Re: [RESEND PATCH v7 1/8] kernfs: Introduce interface to access global kernfs_open_file_mutex.

From: Al Viro
Date: Thu Mar 17 2022 - 17:37:12 EST


On Thu, Mar 17, 2022 at 06:26:05PM +1100, Imran Khan wrote:

> @@ -570,9 +571,10 @@ static void kernfs_put_open_node(struct kernfs_node *kn,
> struct kernfs_open_file *of)
> {
> struct kernfs_open_node *on = kn->attr.open;
> + struct mutex *mutex = NULL;
> unsigned long flags;
>
> - mutex_lock(&kernfs_open_file_mutex);
> + mutex = kernfs_open_file_mutex_lock(kn);
> spin_lock_irqsave(&kernfs_open_node_lock, flags);

Can that ever be reached with local interrupts disabled? I mean, what is
that spin_lock_irqsave() about?

> @@ -745,11 +747,12 @@ static int kernfs_fop_release(struct inode *inode, struct file *filp)
> {
> struct kernfs_node *kn = inode->i_private;
> struct kernfs_open_file *of = kernfs_of(filp);
> + struct mutex *lock = NULL;
>
> if (kn->flags & KERNFS_HAS_RELEASE) {
> - mutex_lock(&kernfs_open_file_mutex);
> + lock = kernfs_open_file_mutex_lock(kn);
> kernfs_release_file(kn, of);
> - mutex_unlock(&kernfs_open_file_mutex);
> + mutex_unlock(lock);

Careful - you are about to remove the existing exclusion between *all*
->release() instances, same node or not.

In particular, if some driver had them manipulate a driver-local list of
some kind, relying upon the kernfs to provide the exclusion, it'd break
as soon as you turn that thing into per-node (or hashed) mutex.

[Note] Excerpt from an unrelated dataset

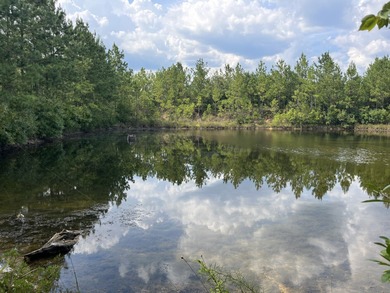 The property spans approximately 749 acres, with 518.12 acres - photo 3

It's _probably_ safe, seeing that the one and only instance of ->release()
in the entire tree (cgroup_file_release()) is rather limited in what
it's doing, and while it calls a submethod (cftype.release()) there's only
a couple of instances of that (cgroup_procs_release() and
cgroup_pressure_release(), both in kernel/cgroup/cgroup.c). Neither
seems to rely upon the global exclusion.

However, that's a change of rules and it needs to be documented as such.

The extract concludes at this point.